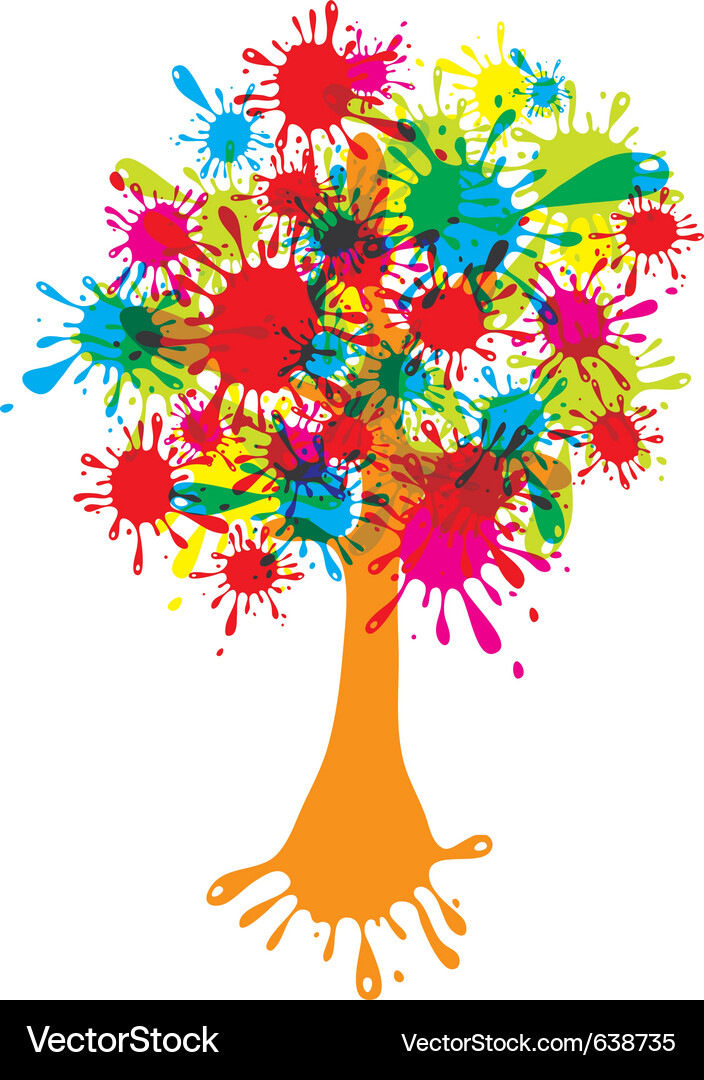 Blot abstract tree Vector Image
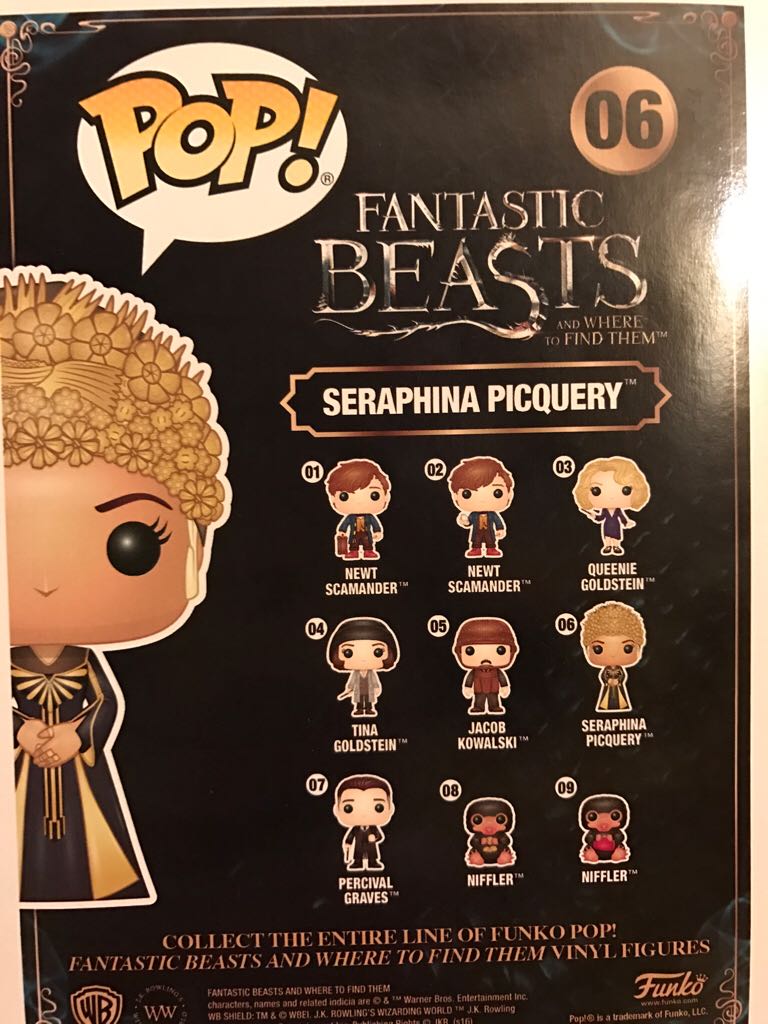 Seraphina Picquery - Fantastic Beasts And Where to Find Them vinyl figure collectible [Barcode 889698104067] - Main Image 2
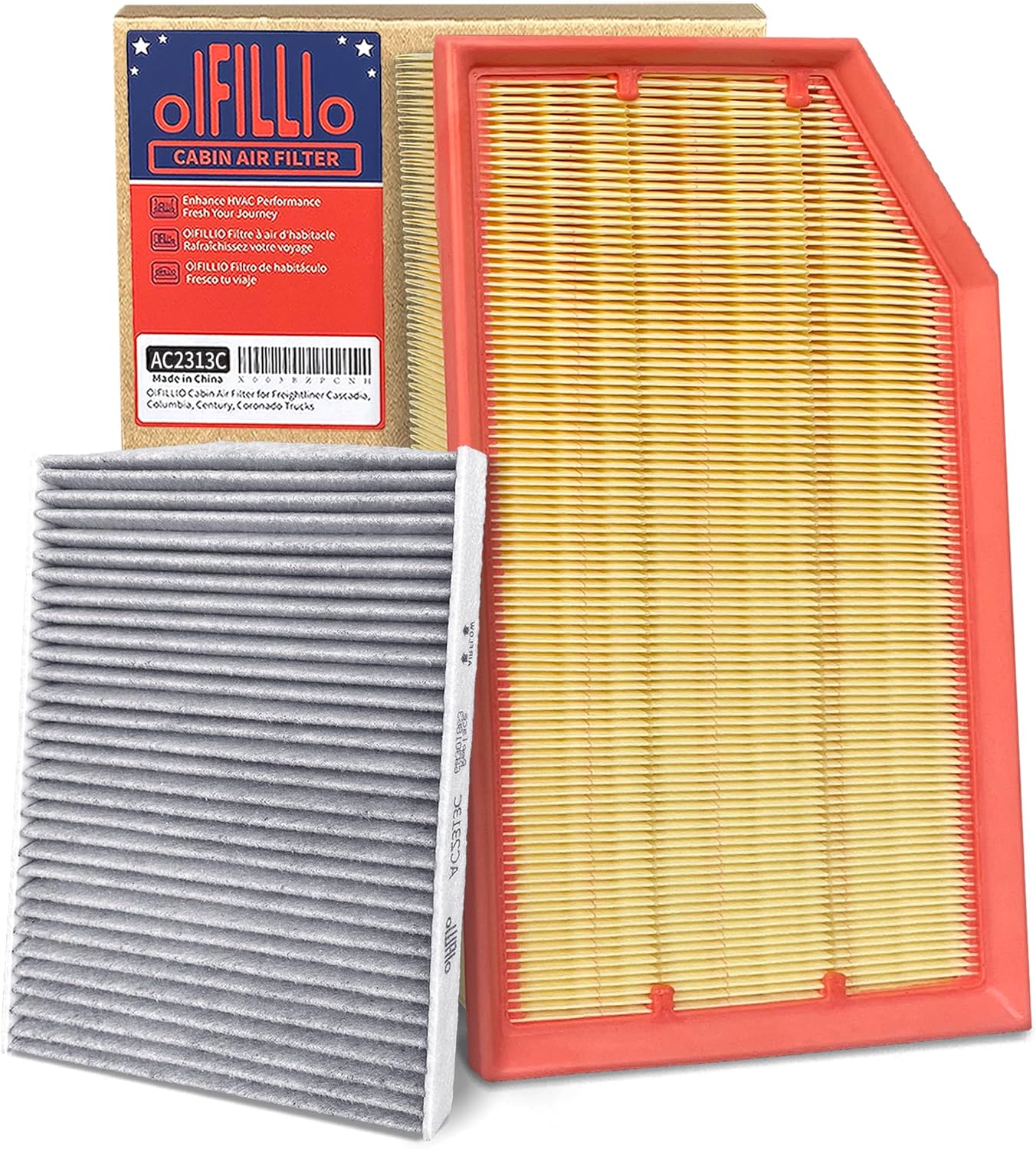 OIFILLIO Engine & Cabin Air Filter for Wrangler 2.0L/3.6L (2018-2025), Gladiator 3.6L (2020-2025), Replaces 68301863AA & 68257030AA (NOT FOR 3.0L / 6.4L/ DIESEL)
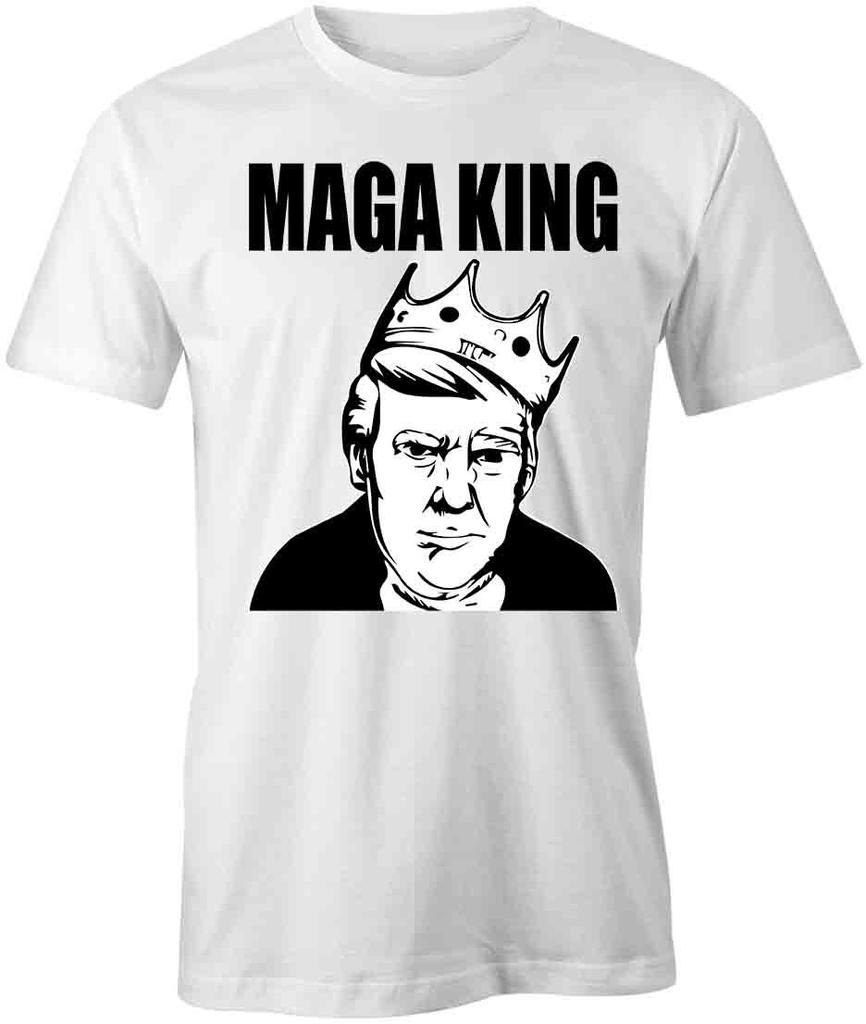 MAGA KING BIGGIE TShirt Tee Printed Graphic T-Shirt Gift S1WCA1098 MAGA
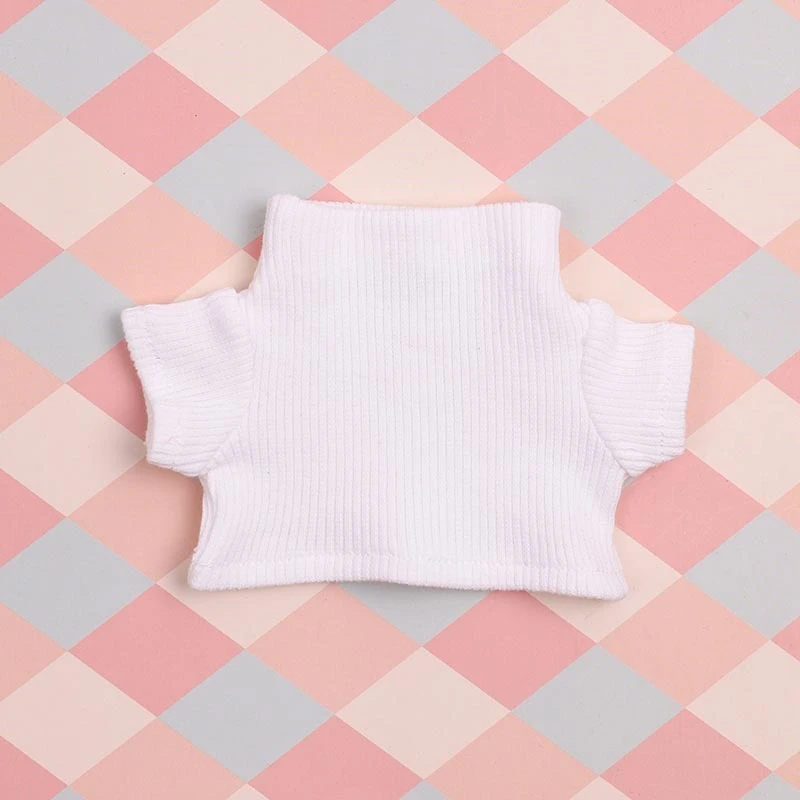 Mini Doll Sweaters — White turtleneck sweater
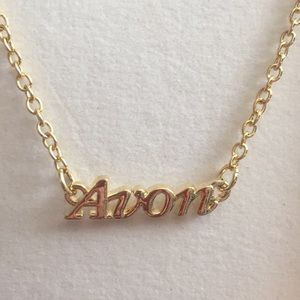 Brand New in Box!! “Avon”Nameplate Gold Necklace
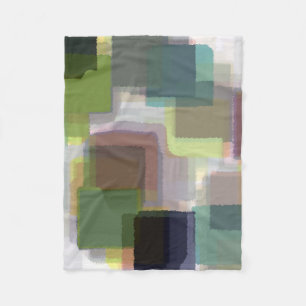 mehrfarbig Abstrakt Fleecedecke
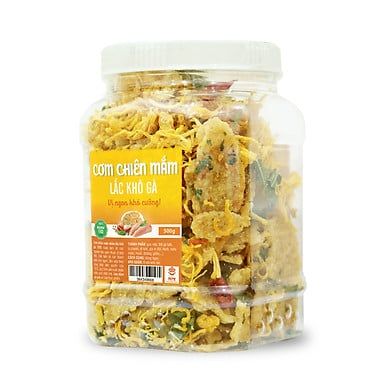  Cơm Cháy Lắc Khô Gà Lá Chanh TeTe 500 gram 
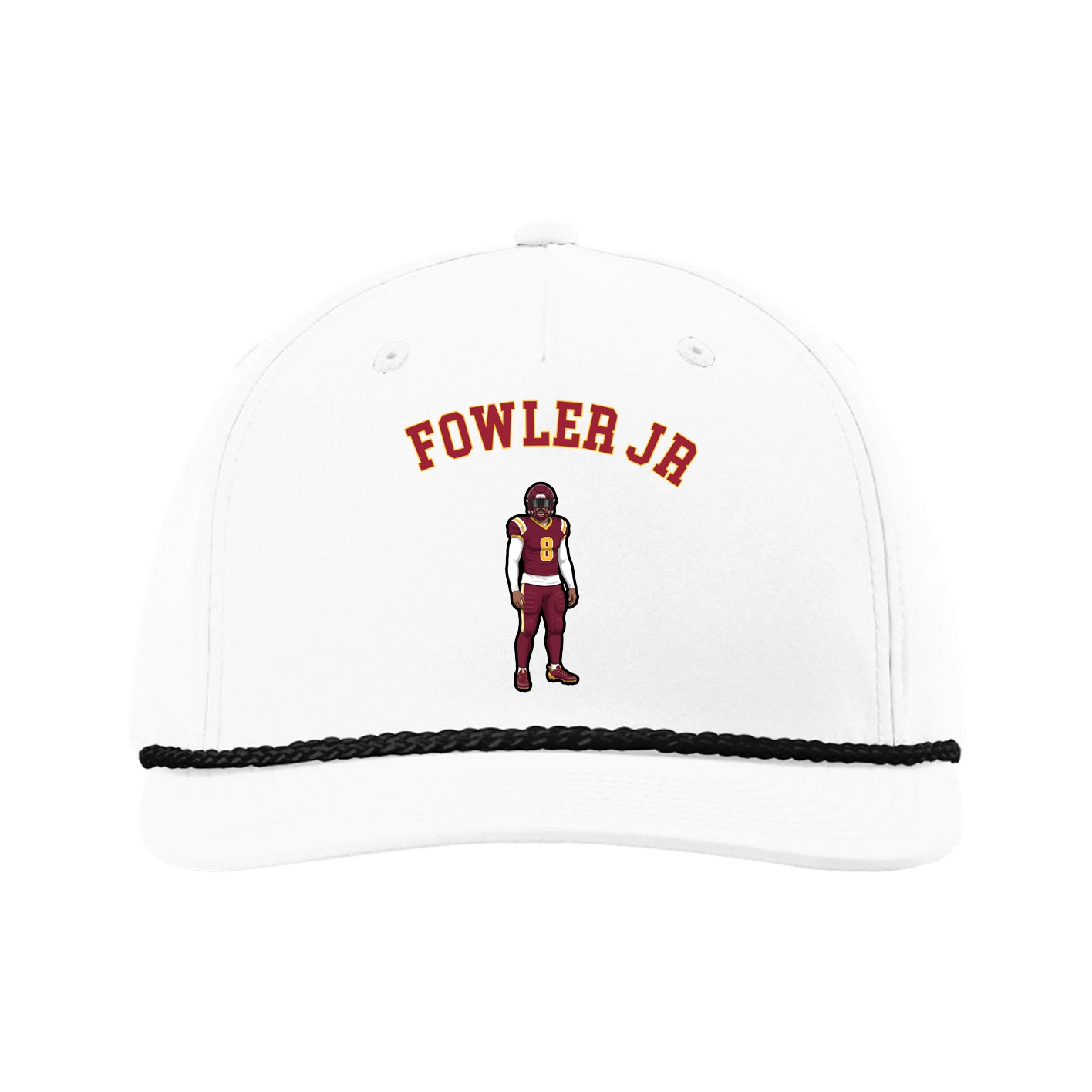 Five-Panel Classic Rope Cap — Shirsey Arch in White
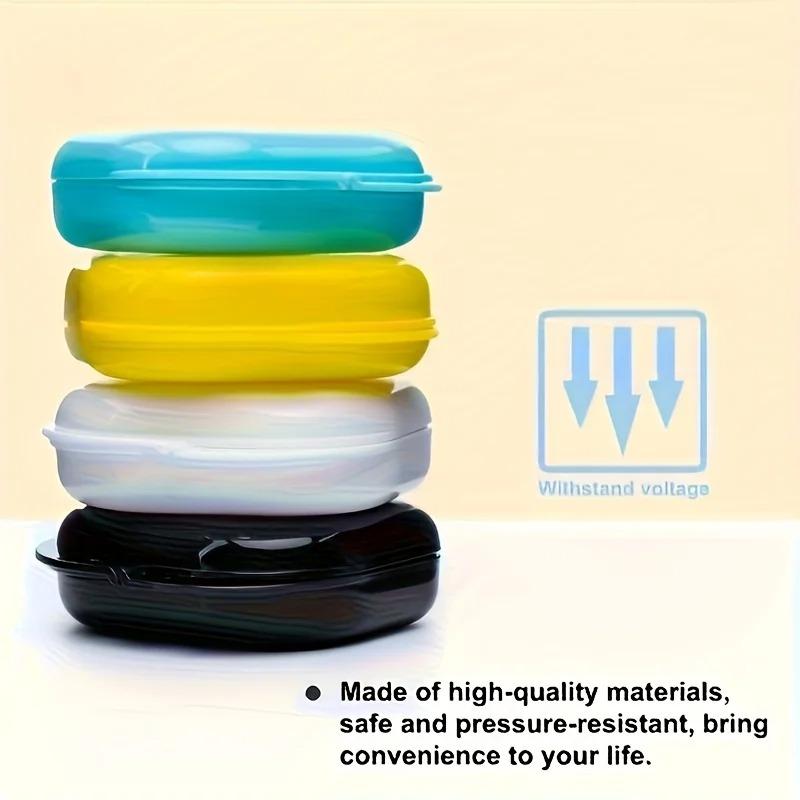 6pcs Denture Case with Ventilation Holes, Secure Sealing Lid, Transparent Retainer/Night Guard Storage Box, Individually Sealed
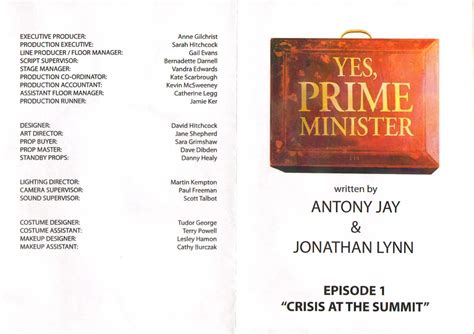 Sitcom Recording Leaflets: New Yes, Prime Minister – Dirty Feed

**WHAT NEEDS TO BE DONE**
Please set down, exactly and with nothing added, the lines from the line with "Five-Panel Classic Rope" to the end of the entries above, omitting pictures.

**SOLVED EXERCISE**
 Five-Panel Classic Rope Cap — Shirsey Arch in White
 6pcs Denture Case with Ventilation Holes, Secure Sealing Lid, Transparent Retainer/Night Guard Storage Box, Individually Sealed
 Sitcom Recording Leaflets: New Yes, Prime Minister – Dirty Feed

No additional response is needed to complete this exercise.